The line containing "Table à manger", plus every line that follows it to the end of the listing below, is what you transcribe exactly; omit all pictures.

◇ ◇ ◇ ◇

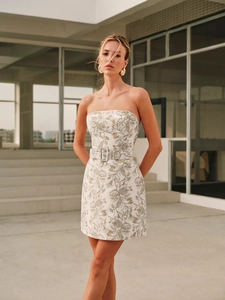 Strapless floral mini dress in gold embroidery with matching waist belt for women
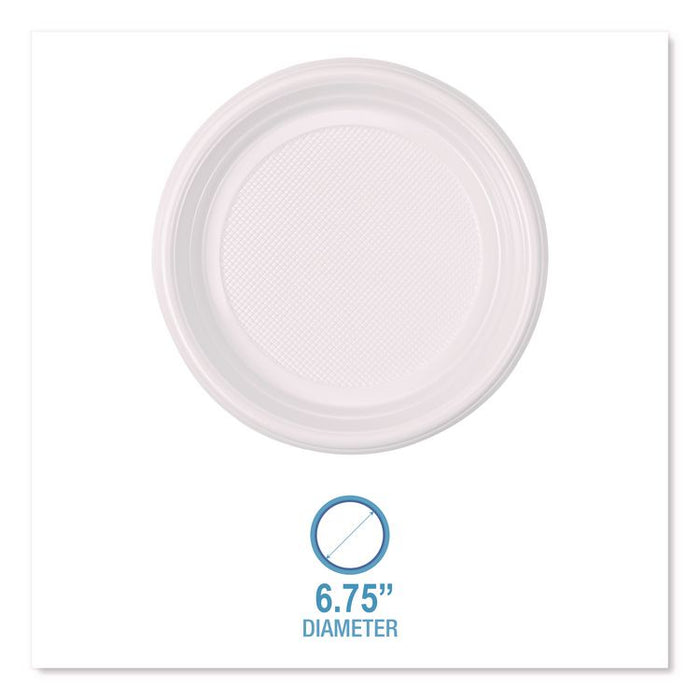 Hi-Impact Plastic Dinnerware, Plate, 6" dia, White, 1,000/Carton
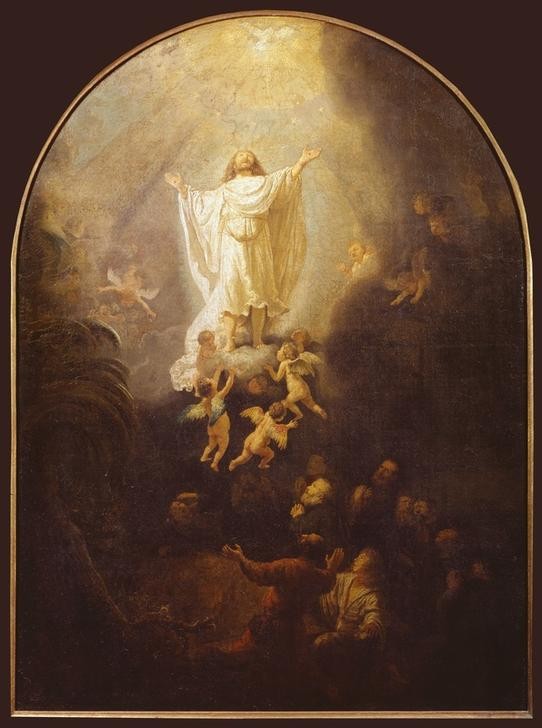 Rembrandt Harmenszoon van Rijn, Die Himmelfahrt Christi (Christentum,Engel,Kunst,Religion,Barock,Neues Testament,Bibel,Apostel,Putto,Jünger,Christi Himmelfahrt,Niederländische Kunst,Holländische Kunst,Passion Christi,Schweben)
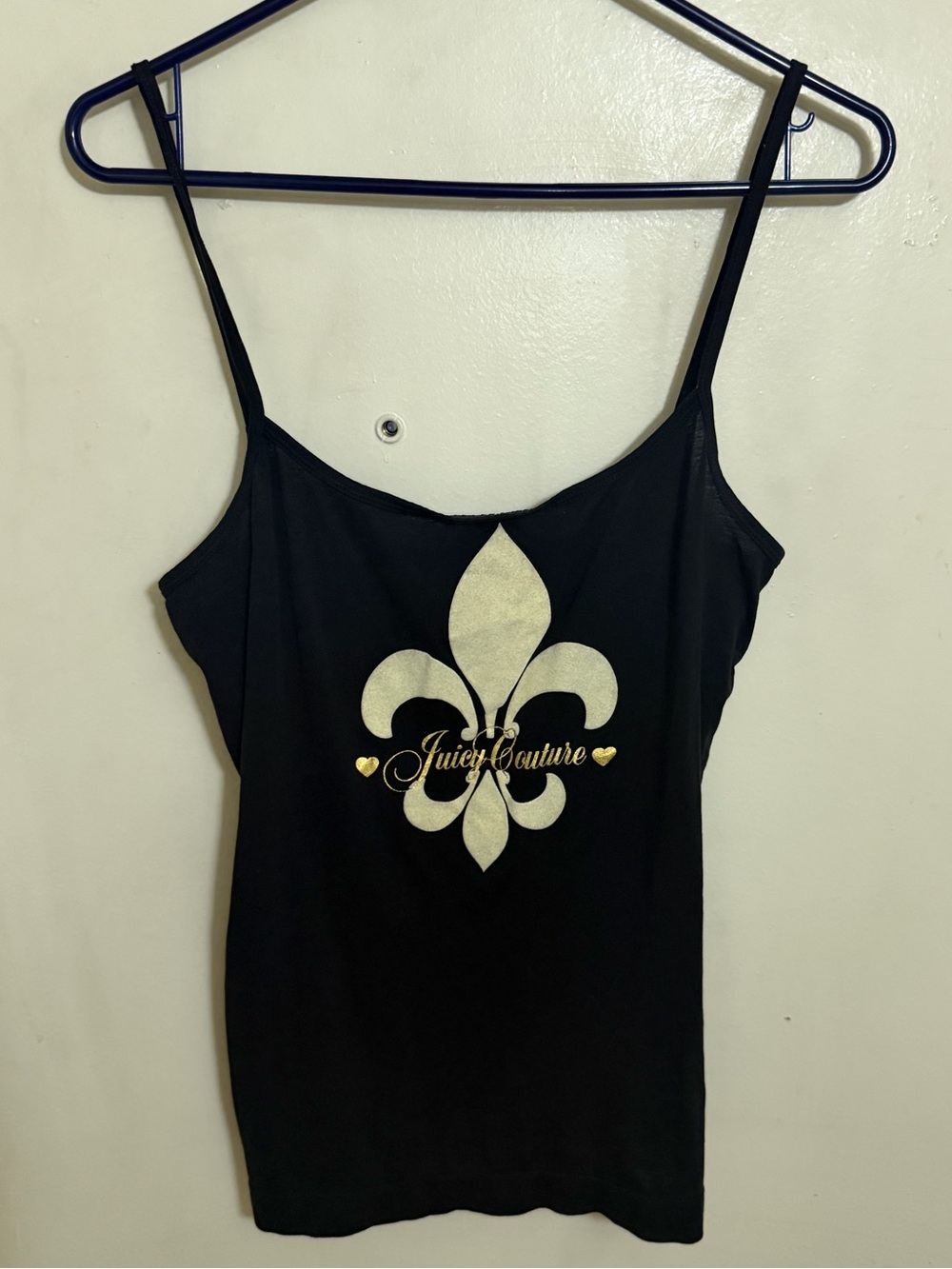 Women’s Juicy Couture Fleur De Lis Black White Logo Tank Top Medium M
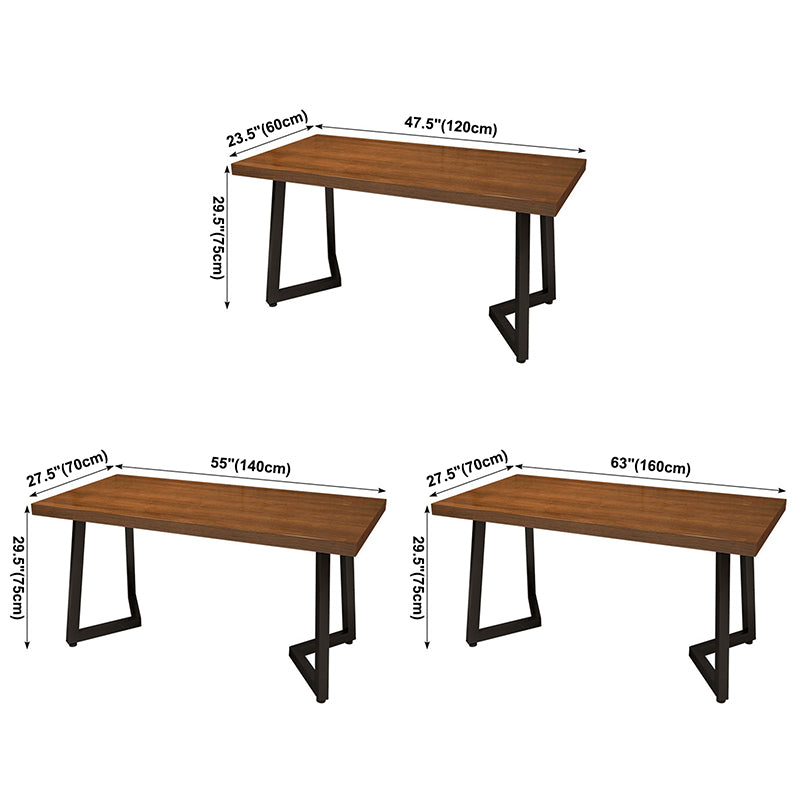 Table à manger industrielle table en bois massif en pin avec piédestal double noir pour le dîner de cuisine à domicile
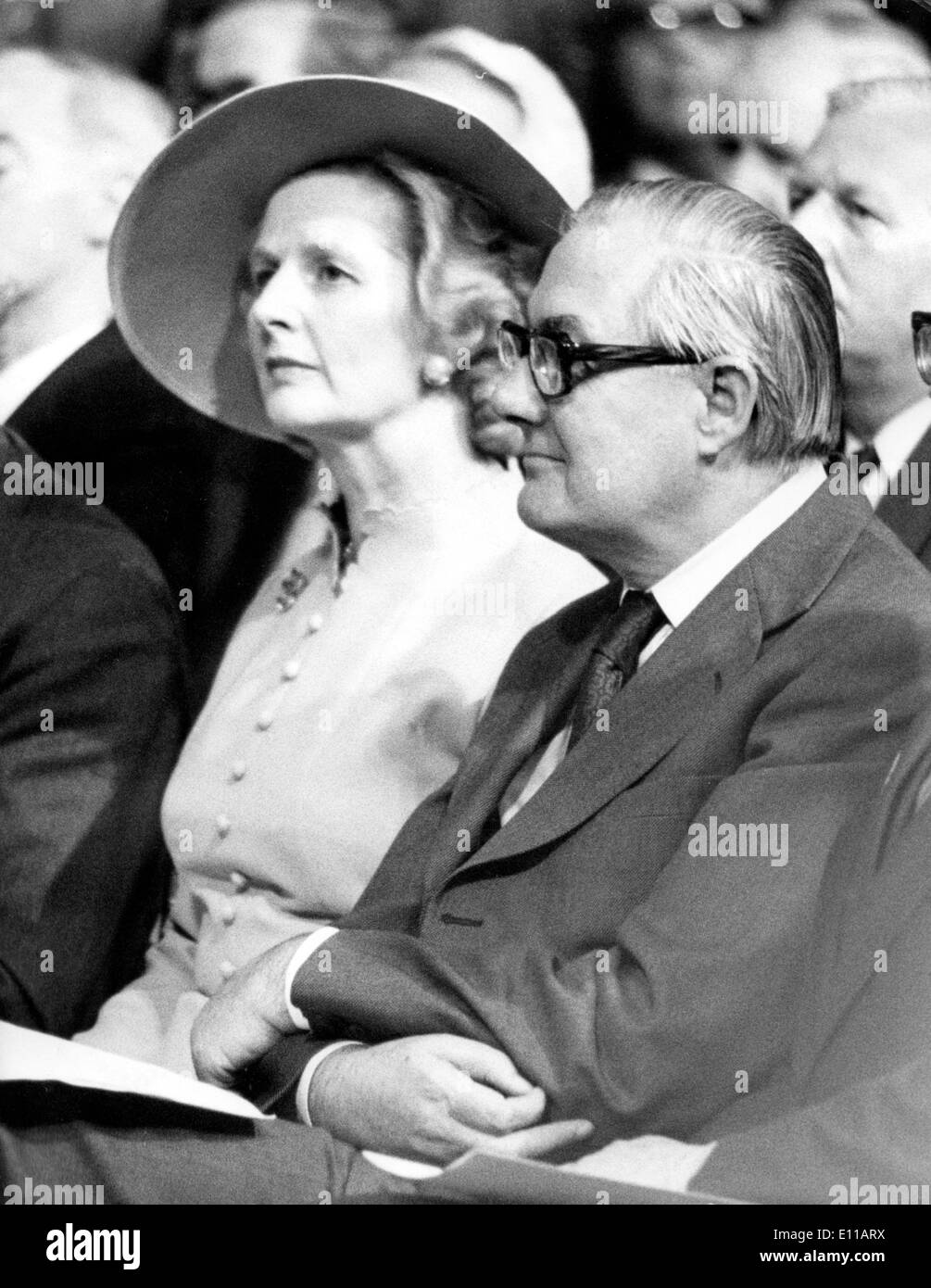 James Callaghan and Margaret Thatcher listen Stock Photo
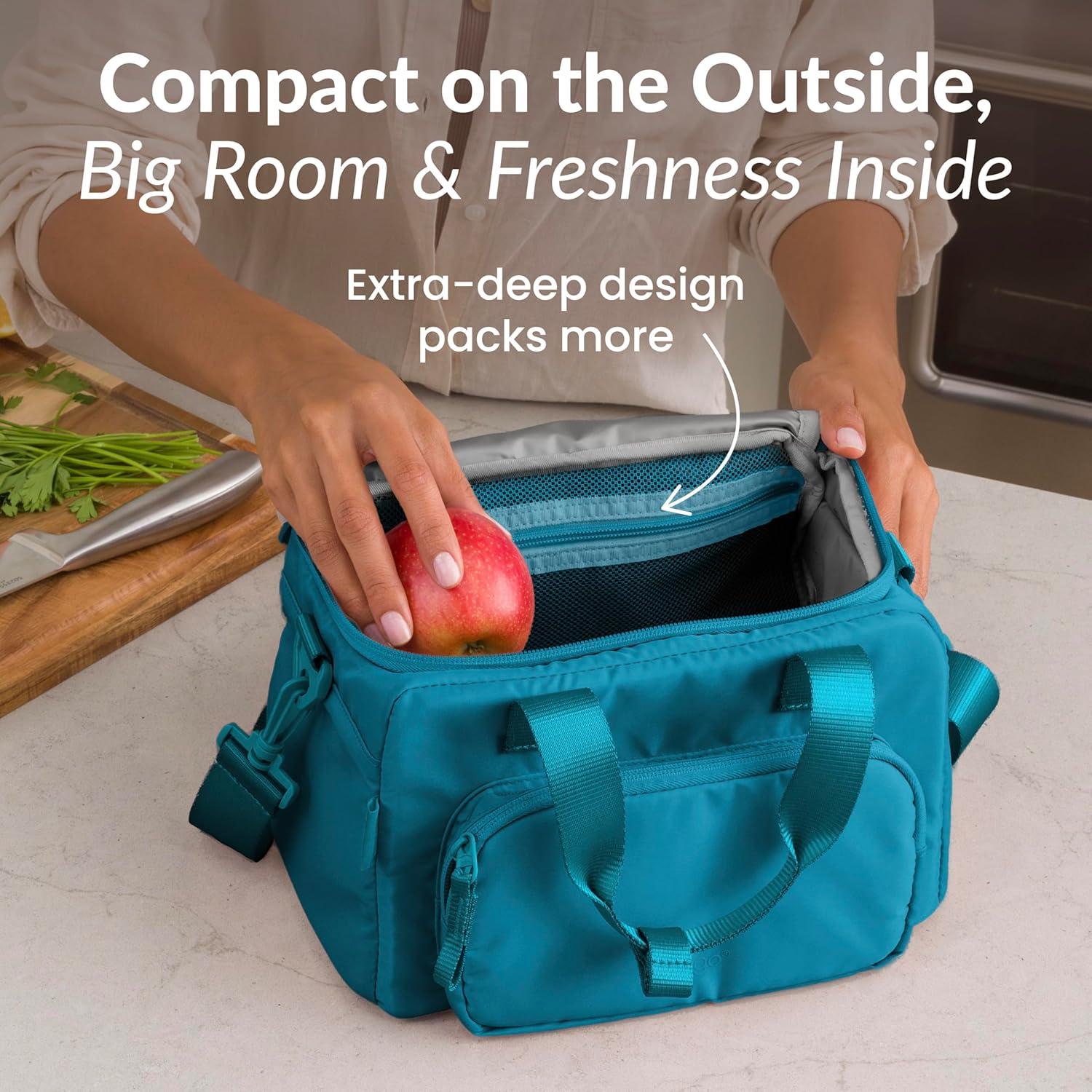 imageBentgo Insulated Lunch Bag  ExtraLarge Capacity Adult Lunch Bag with Shoulder Strap and External Storage Compartment Durable Lightweight Ideal for Work School and Meals On the GoDeep Teal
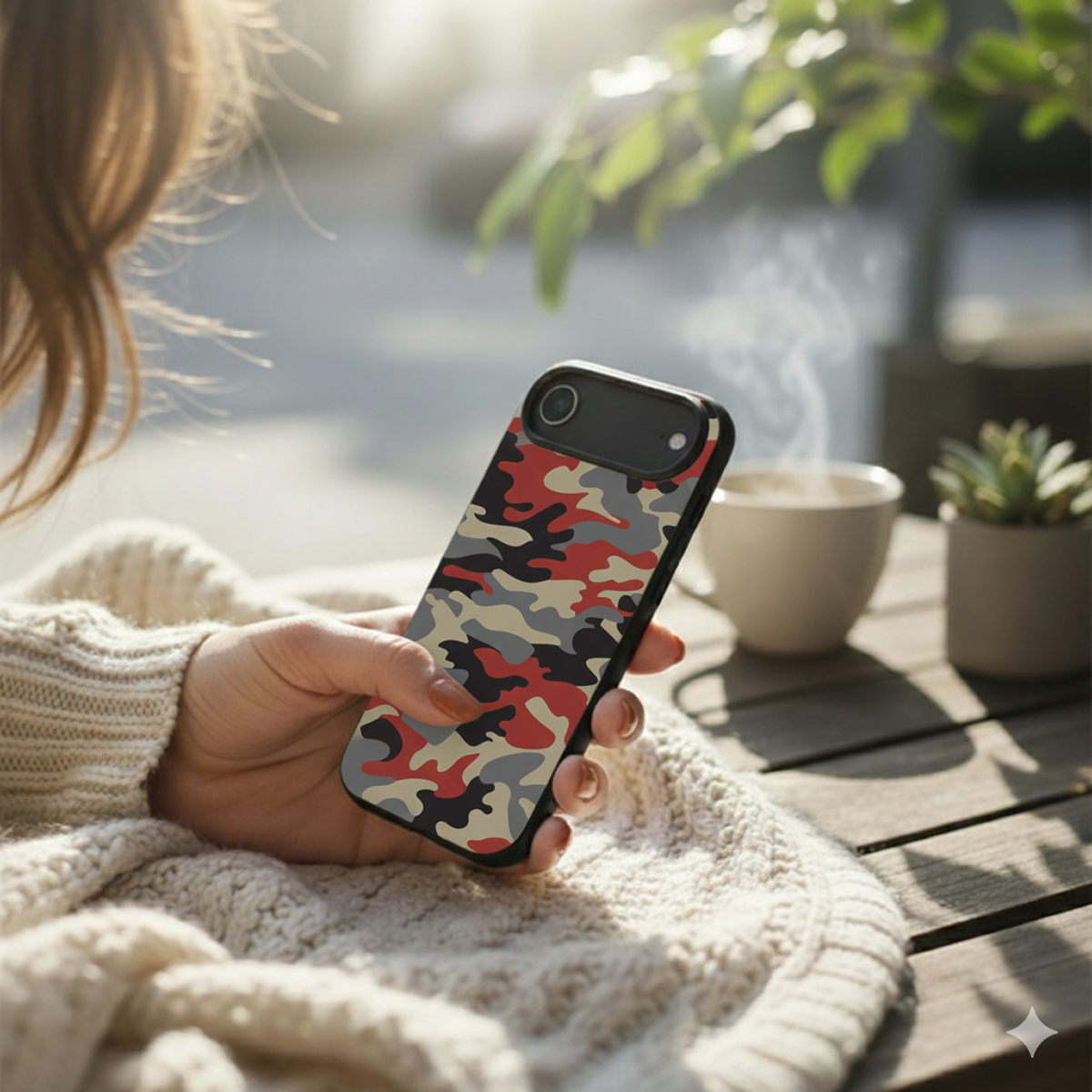 Red & Black Camo iPhone Cover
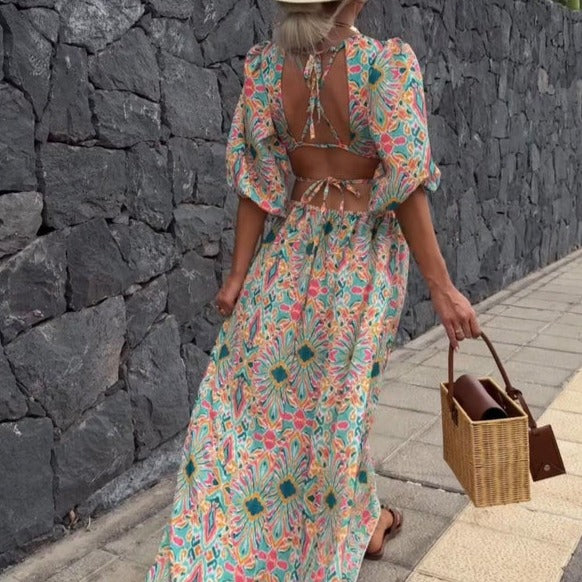 Women's Maxi Dress - Puff Sleeve - Cut-Out Side Detail - Flowy Printed Design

◇ ◇ ◇ ◇

- [Task solution]
 Table à manger industrielle table en bois massif en pin avec piédestal double noir pour le dîner de cuisine à domicile
 James Callaghan and Margaret Thatcher listen Stock Photo
 imageBentgo Insulated Lunch Bag  ExtraLarge Capacity Adult Lunch Bag with Shoulder Strap and External Storage Compartment Durable Lightweight Ideal for Work School and Meals On the GoDeep Teal
 Red & Black Camo iPhone Cover
 Women's Maxi Dress - Puff Sleeve - Cut-Out Side Detail - Flowy Printed Design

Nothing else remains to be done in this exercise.